Cowan on Stoddard, 'Transformed: Reinventing Pittsburgh's Industrial Sites for a New Century, 1975-1995'
Evan Stoddard. Transformed: Reinventing Pittsburgh's Industrial Sites for a New Century, 1975-1995. Pittsburgh: Harmony Street Publishers, 2016. Illustrations. 382 pp. $16.95 (paper), ISBN 978-0-9983996-0-7.
Reviewed by Aaron Cowan (Slippery Rock University) Published on H-Pennsylvania (December, 2021) Commissioned by Jeanine Mazak-Kahne (Indiana University of Pennsylvania)
Printable Version: https://www.h-net.org/reviews/showpdf.php?id=53481
Evan Stoddard’s Transformed uses five redevelopment projects in the greater Pittsburgh area as case studies for understanding the complex processes by which regional brownfields were redeveloped. These include the redevelopment of Herr’s Island on the Allegheny River into the mixed residential-recreational development dubbed “Washington’s Landing”; the construction of the Pittsburgh Technology Center, along Parkway East on the former site of the LTV Corporation’s Pittsburgh Works; the clearance and transformation of the Homestead mill site into a waterfront shopping and recreational complex; and, finally, Duquesne and McKeesport, in which two former steel plant sites were converted to a variety of commercial and light industrial uses. These projects, Stoddard argues, “were central to economic recovery in their respective communities,” but, perhaps just as importantly, “they led public officials to develop more effective ways to encourage and support reuse of contaminated industrial land” (p. 245). Stoddard concludes his narrative in 1995, when the state of Pennsylvania passed several pieces of legislation, collectively known as the Land Recycling Program, which were intended to address many of the statewide challenges revealed in the process of redeveloping Pittsburgh-area brownfields.

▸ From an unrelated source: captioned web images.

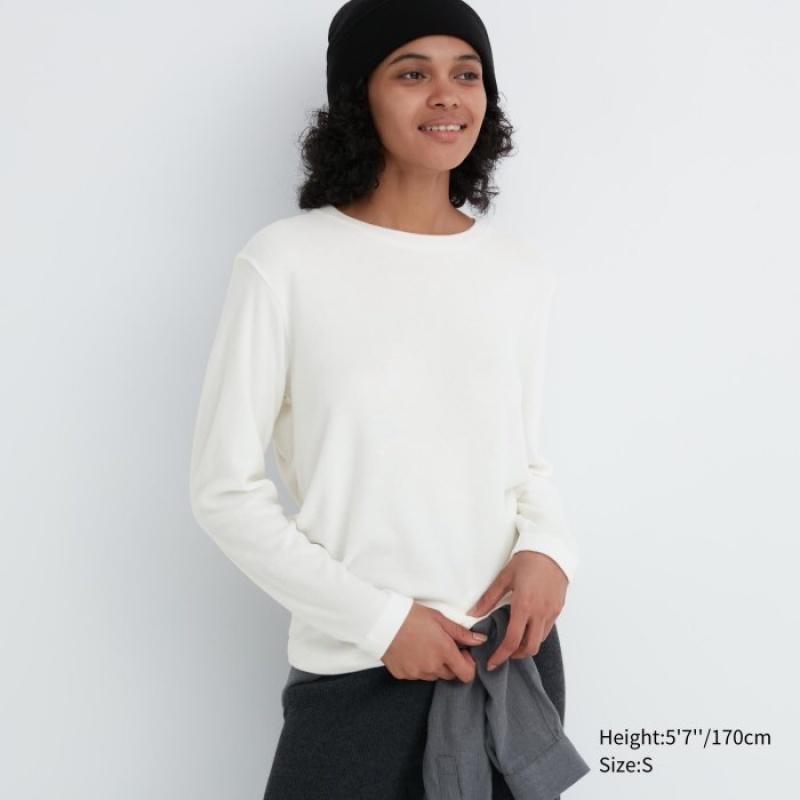 Uniqlo HEATTECH Fleece Crew Neck Long-Sleeve T Shirts Dame Hvide | 4868664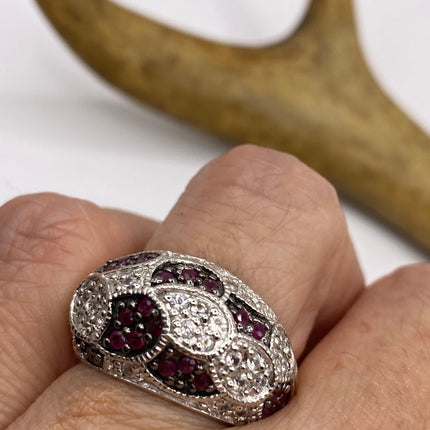 Vintage Red Tourmaline Ring Band 925 Sterling Silver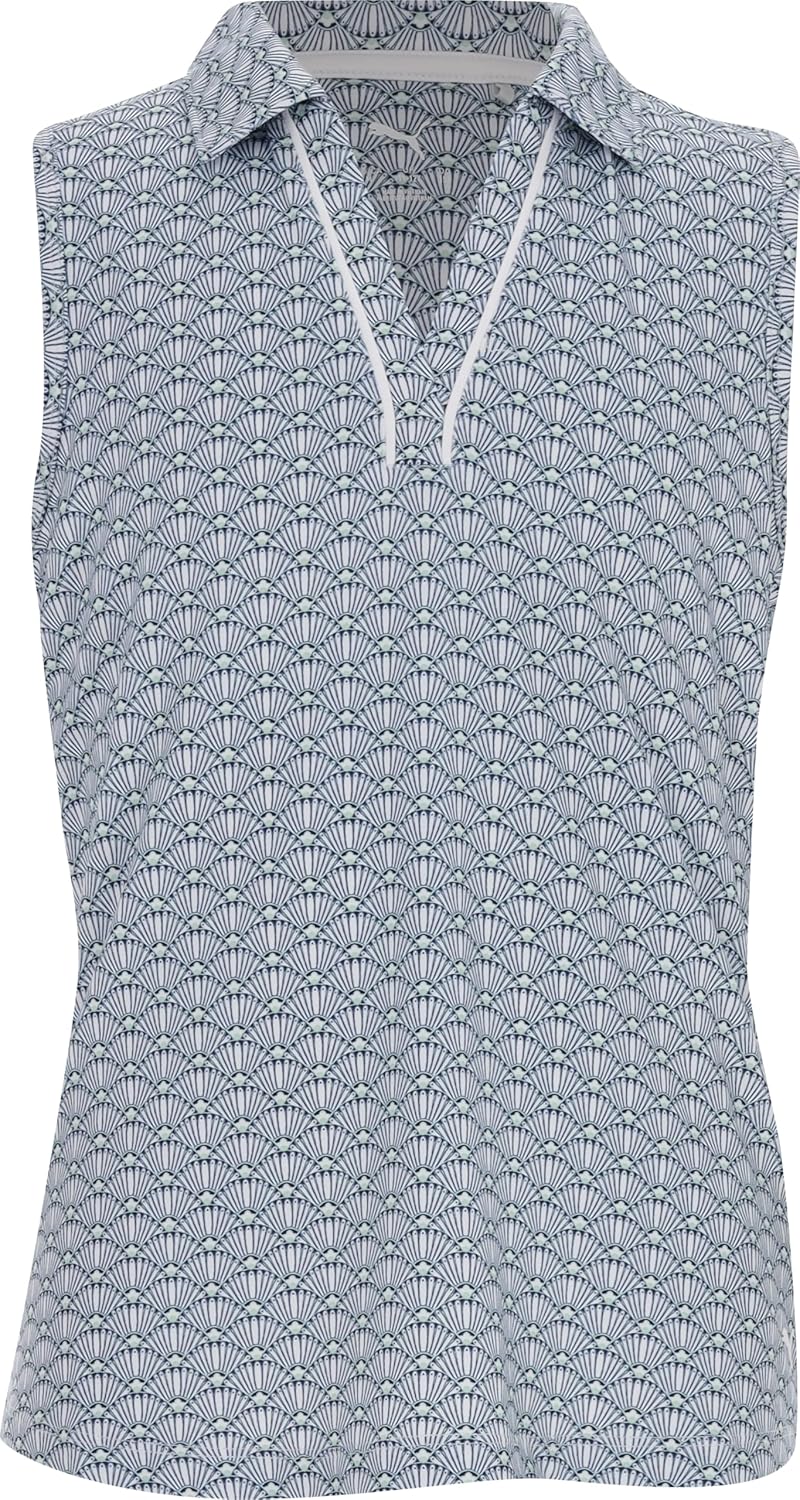 Puma Golf Girl's Marine Fantasy Scallop Sleeveless Golf Polo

Stoddard draws from his considerable experience in municipal governance. He served in the departments of City Planning and City Development under several Pittsburgh mayors during the 1970s and as director of Economic Development in the city’s Urban Redevelopment Authority (URA) during the 1980s and early 1990s. In addition, he makes extensive use of records from the URA and the Regional Industrial Development Corporation (RIDC), newspapers, and a number of personal interviews. Each chapter opens with a helpful timeline of key events, provides a background history on the site’s development and a narrative of its redevelopment, and concludes with “general principles that the stories illustrate in hope that others can learn something from Pittsburgh’s experience” (p. xiii).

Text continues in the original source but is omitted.